[Image-caption web data]

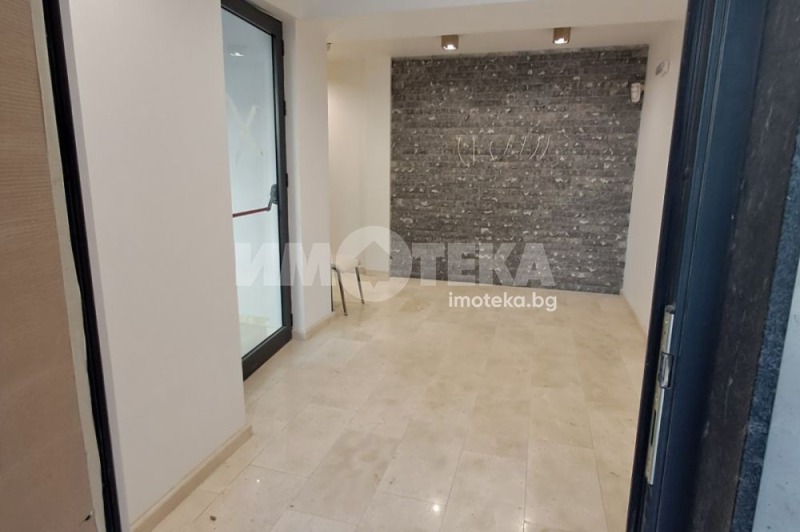 Na prodej  1 ložnice Sofia , Ljulin - centar , 83 m2 | 22721539 - obraz [14]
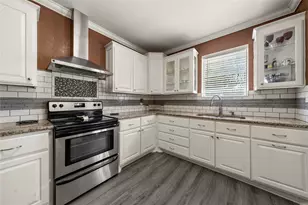 401 Powers St, Lacy Lakeview, TX 76705 - Photo 8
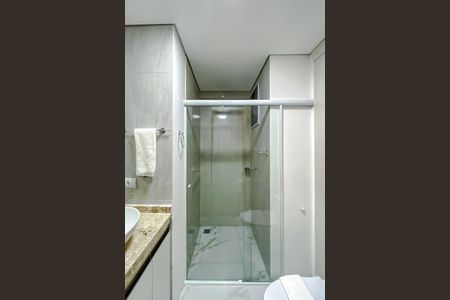 Banheiro de kitnet/studio para alugar com 1 quarto, 30m² em Brás, São Paulo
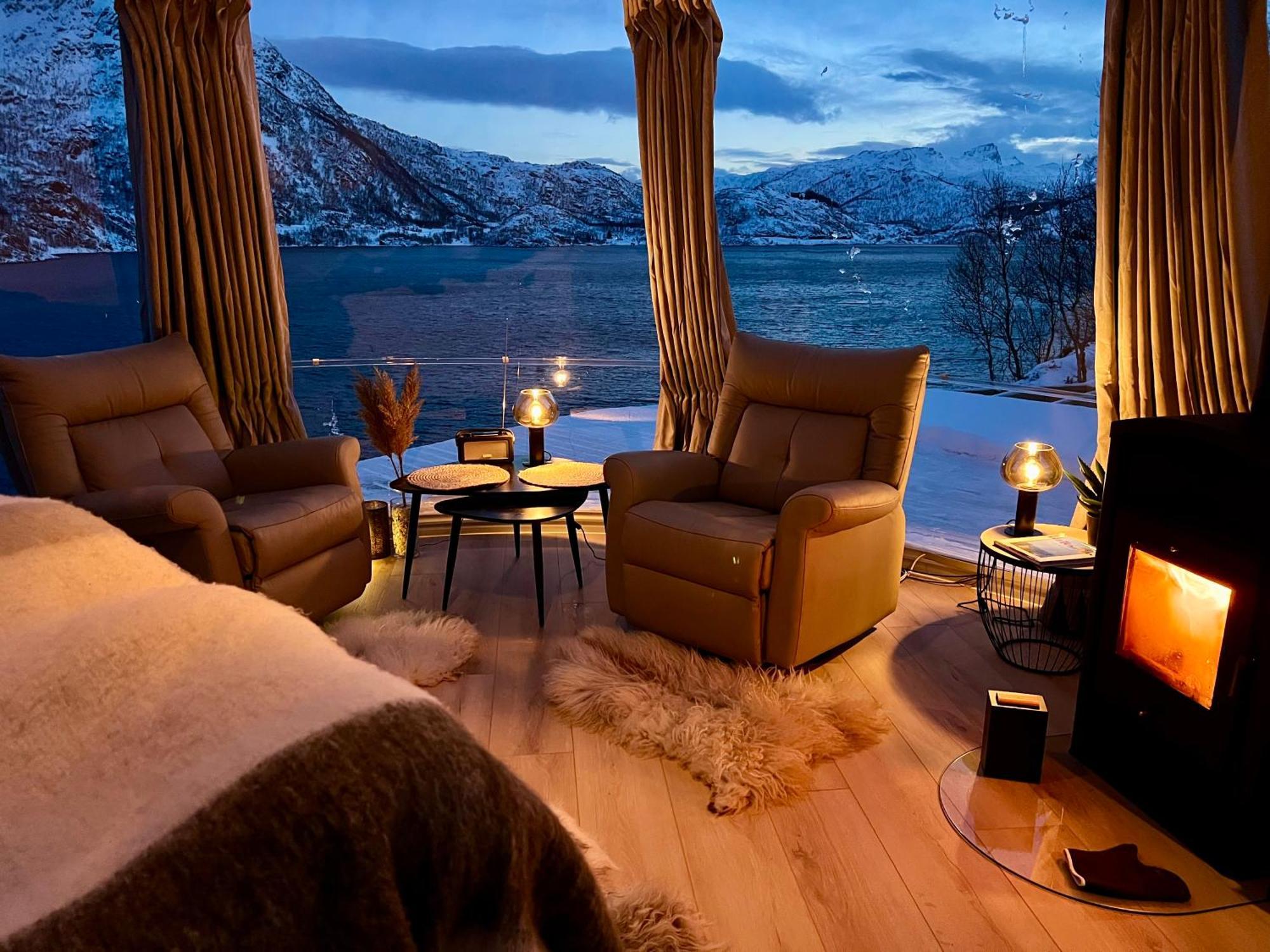 Lofoten Glampingdome Myrland Exteriér fotografie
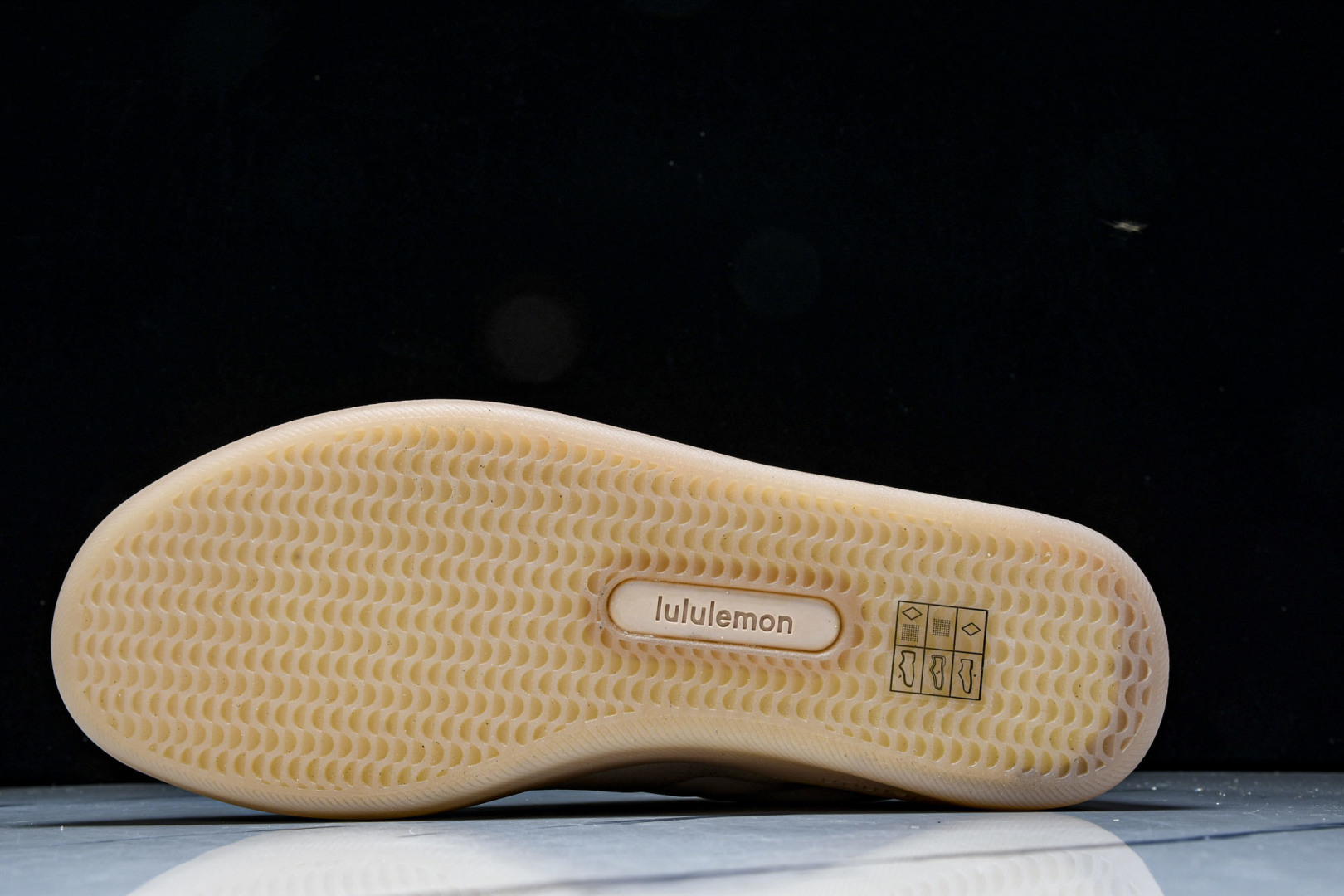  Lululemon Cityverse 露露乐蒙 低帮运动休闲板鞋 LW9FFIS 02-24 尺码 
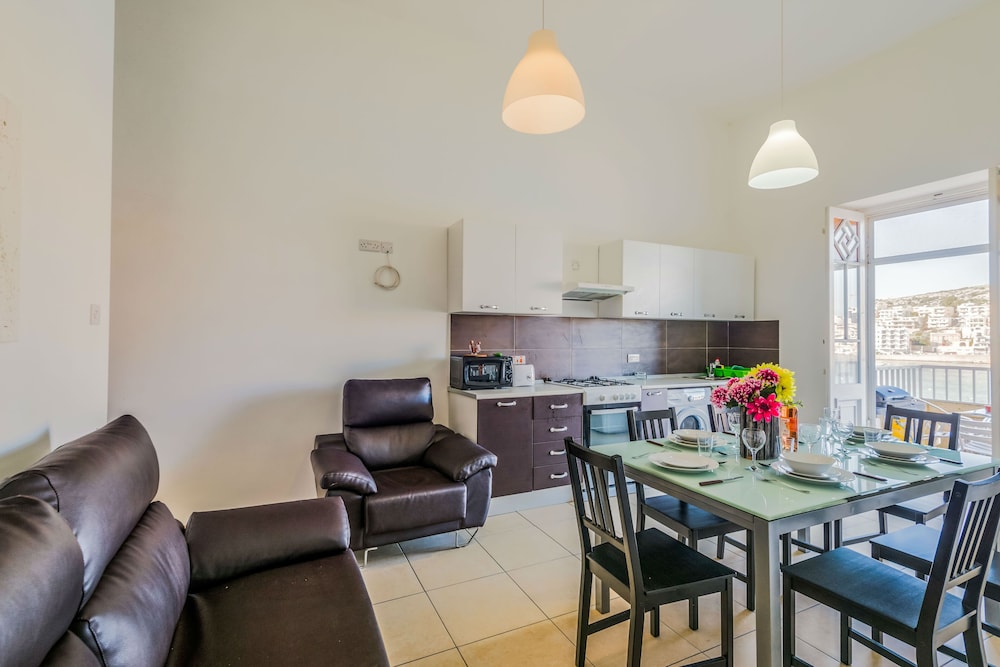Blue Harbour 1 Seafront Holiday 2-bedroom Apartment With Terrace St Pauls Bay photo 4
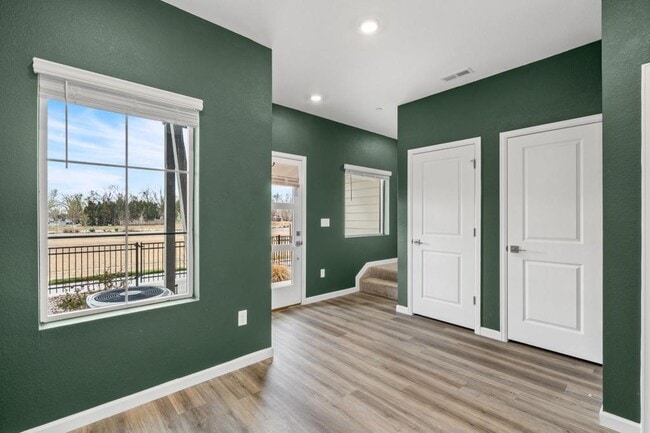 Building Photo - 1009 Birdwhistle Ln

EXERCISE PROMPT | Skip the pictures. Return exactly the lines from the one containing "401 Powers St, Lacy" through the end of the data above, both included, and nothing besides.

EXPECTED OUTPUT |
 401 Powers St, Lacy Lakeview, TX 76705 - Photo 8
 Banheiro de kitnet/studio para alugar com 1 quarto, 30m² em Brás, São Paulo
 Lofoten Glampingdome Myrland Exteriér fotografie
  Lululemon Cityverse 露露乐蒙 低帮运动休闲板鞋 LW9FFIS 02-24 尺码 
Blue Harbour 1 Seafront Holiday 2-bedroom Apartment With Terrace St Pauls Bay photo 4
 Building Photo - 1009 Birdwhistle Ln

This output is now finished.